Governo quer voltar a taxar alimentos e, em troca, oferecer créditos no cartão da Bolsa Família
A proposta do governo de dar fim à desoneração da cesta básica pode encarecer o conjunto de produtos considerados essenciais em cerca de 20% no país, segundo dados do Instituto Brasileiro de Planejamento e Tributação (IBPT). Para especialistas, a medida pode prejudicar principalmente as famílias mais pobres, além de encarecer a alimentação fora do lar e elevar a inflação.
Em Belo Horizonte, o valor da cesta básica subiu 7,25% nos últimos 12 meses e, em outubro, segundo a última pesquisa da Fundação Instituto de Pesquisas Econômicas, Administrativas e Contábeis de Minas Gerais (Ipead-MG), alcançou o valor de R$ 421,21 – mais de 42% do salário mínimo.
“A desoneração e o consequente aumento dos itens da cesta vão comprometer ainda mais a renda e o poder de compra das famílias”, afirma a coordenadora de pesquisas do instituto, Thaize Martins, ressaltando que o valor do quilo e do prato feito em restaurantes também pode crescer. “Embora a inflação tenha itens com pesos maiores, como o custo com educação, impostos e combustível, o aumento dos itens alimentares também pode gerar alta”, explica.
Desde 2004, produtos como feijão, arroz, pão, leite e queijos são isentos de PIS/Cofins e, nos últimos anos, diversos decretos ampliaram o rol de itens com alíquota zero. O novo modelo, ainda em discussão no governo, prevê que esse benefício seja alcançado somente pela população que recebe o Bolsa Família.
O programa atende famílias que vivem em situação de pobreza extrema, com renda per capita de até R$ 89 por mês e de pobreza, com renda entre R$ 89,01 e R$ 178. A ideia é que o valor correspondente à devolução dos impostos sobre a cesta básica seja resgatado no cartão que os beneficiários utilizam para receber o dinheiro.

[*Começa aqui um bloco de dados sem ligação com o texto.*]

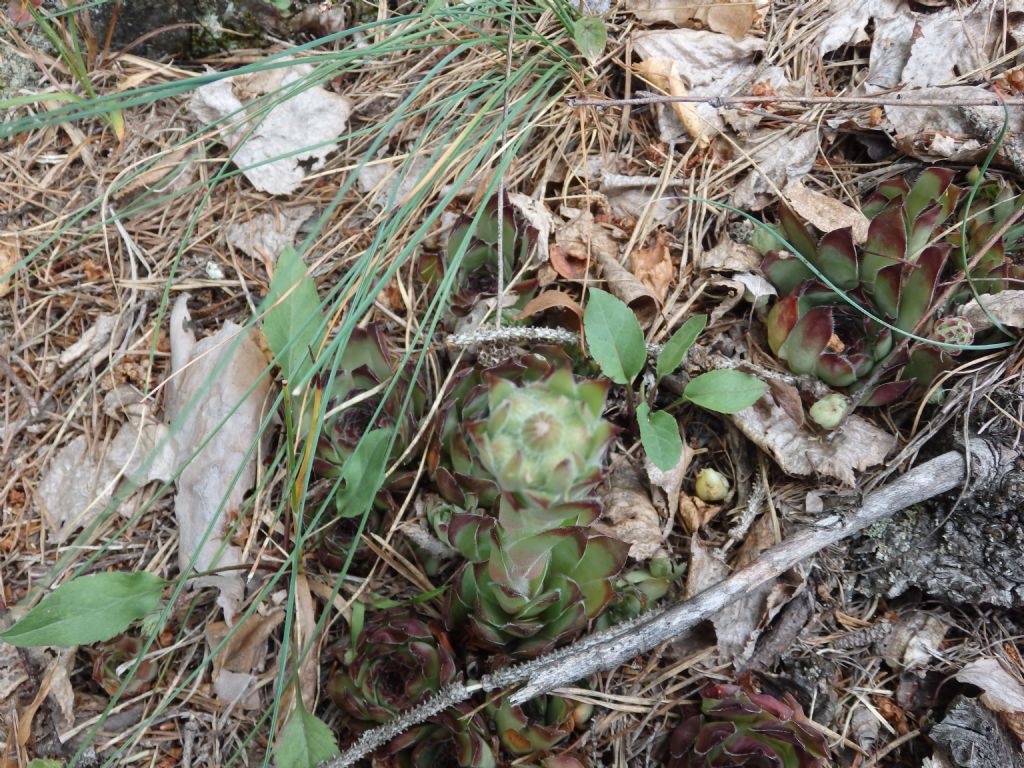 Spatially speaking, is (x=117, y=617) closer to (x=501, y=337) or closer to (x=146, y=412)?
(x=146, y=412)

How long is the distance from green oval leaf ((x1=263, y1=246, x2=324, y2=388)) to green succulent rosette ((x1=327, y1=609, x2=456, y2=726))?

No entanto, conforme a Pesquisa Nacional por Amostra de Domicílios Contínua (Pnad Contínua), 60% dos trabalhadores com os menores rendimentos receberam, em média, R$ 928 mensais em 2018, valor inferior ao salário mínimo e superior ao limite para recebimento do Bolsa Família.
Na avaliação do presidente do IBPT, João Eloi Olenike, a proposta é inadequada. “O argumento do governo é que os itens estão sendo consumidos pela classe média, e não pelas pessoas de renda menor. Mas é mais fácil trocar esses itens por outros imprescindíveis do que voltar a onerar e tentar, via Bolsa Família, recompensar a classe mais baixa. Acho muito difícil isso, está muito sujeito a esquemas feitos por pessoas que não têm o direito e acabam burlando. A medida não é boa nem popular”, diz.
O economista e professor do Ibmec Felipe Leroy espera que a medida seja revista. “O aumento da cesta básica em 20% tem impacto direto no orçamento das famílias de baixa renda e é preocupante, porque são itens de primeira necessidade”, diz. “Nós chegamos a um ponto em que não adianta aumentar a carga tributária para elevar a arrecadação. O índice de sonegação tem aumentado significativamente porque as famílias e as empresas não estão dando conta de pagar imposto”, avalia Leroy.
(Com agências).
Fonte: Jornal O Tempo – Publicado em 30/11/2019 por Rafaela Mansur.